→ To do
In your copy of the records, include every word exactly and no pictures.

--------

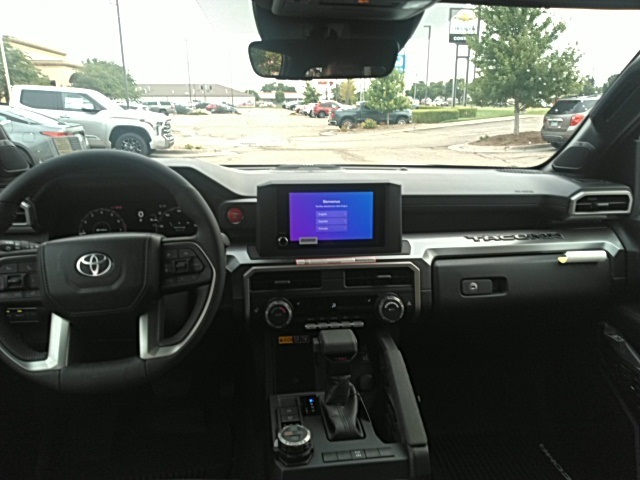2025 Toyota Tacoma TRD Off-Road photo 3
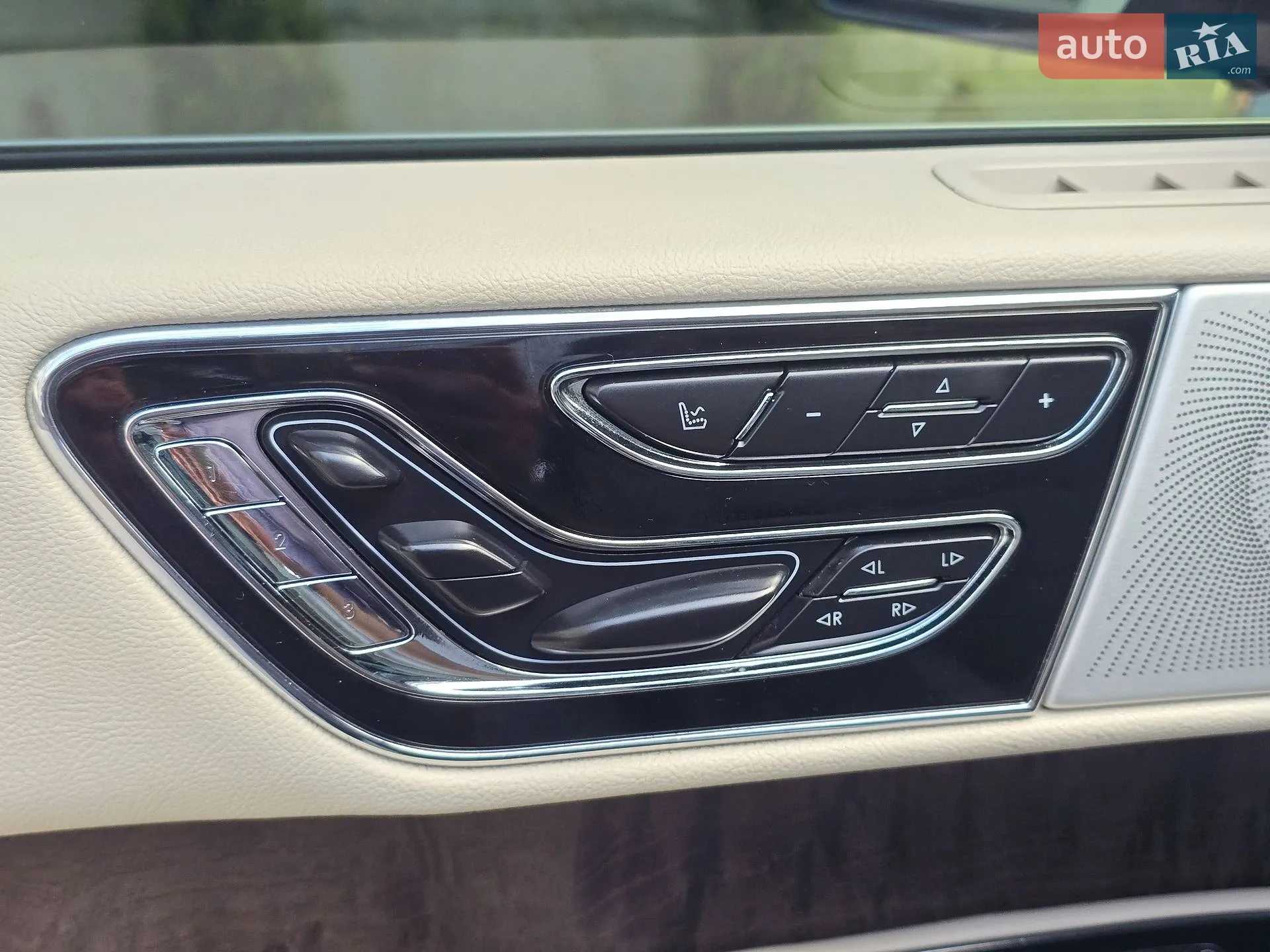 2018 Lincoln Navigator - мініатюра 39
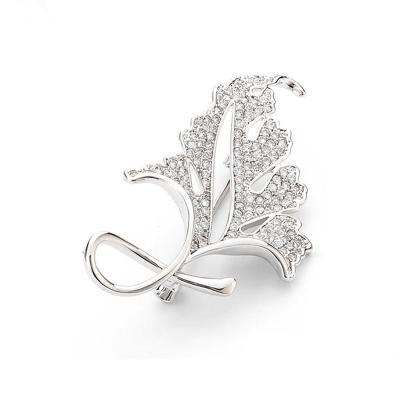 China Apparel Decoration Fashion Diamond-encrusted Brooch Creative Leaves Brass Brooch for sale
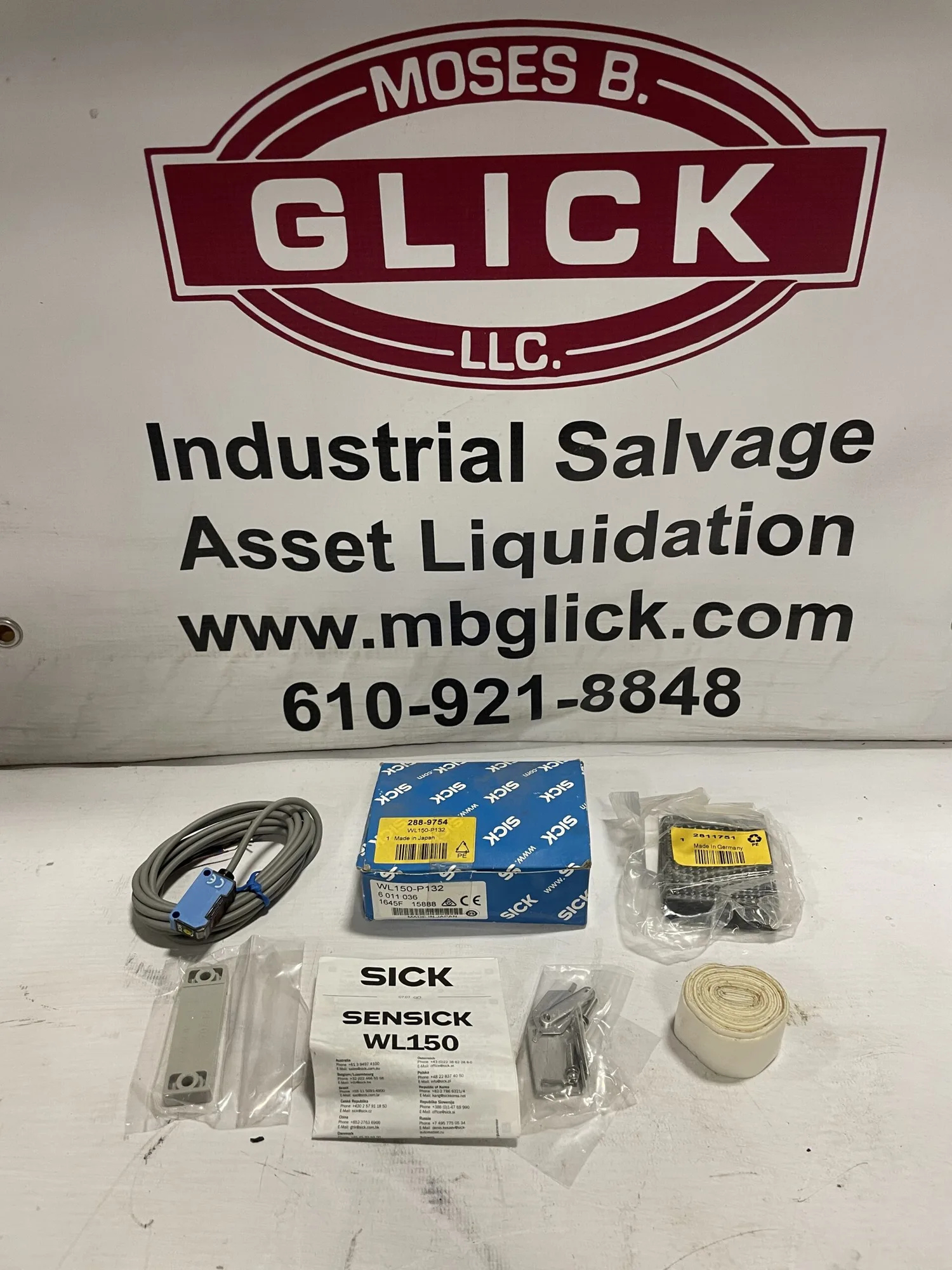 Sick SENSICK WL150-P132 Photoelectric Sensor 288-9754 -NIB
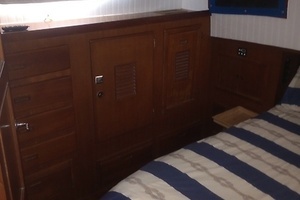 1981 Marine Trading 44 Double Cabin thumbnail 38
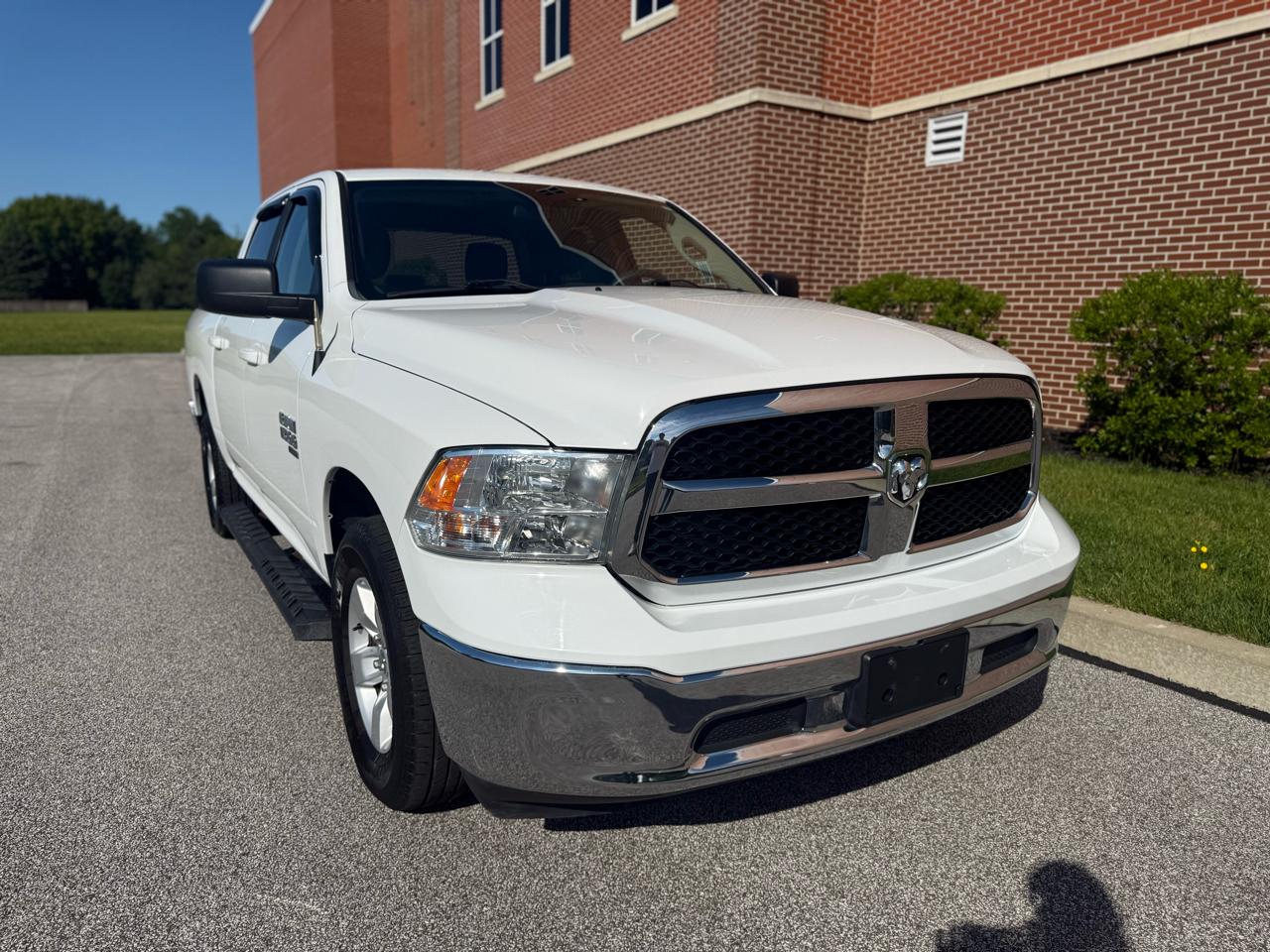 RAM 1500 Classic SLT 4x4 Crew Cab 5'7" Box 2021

--------

→ Task response
2025 Toyota Tacoma TRD Off-Road photo 3
 2018 Lincoln Navigator - мініатюра 39
 China Apparel Decoration Fashion Diamond-encrusted Brooch Creative Leaves Brass Brooch for sale
 Sick SENSICK WL150-P132 Photoelectric Sensor 288-9754 -NIB
 1981 Marine Trading 44 Double Cabin thumbnail 38
 RAM 1500 Classic SLT 4x4 Crew Cab 5'7" Box 2021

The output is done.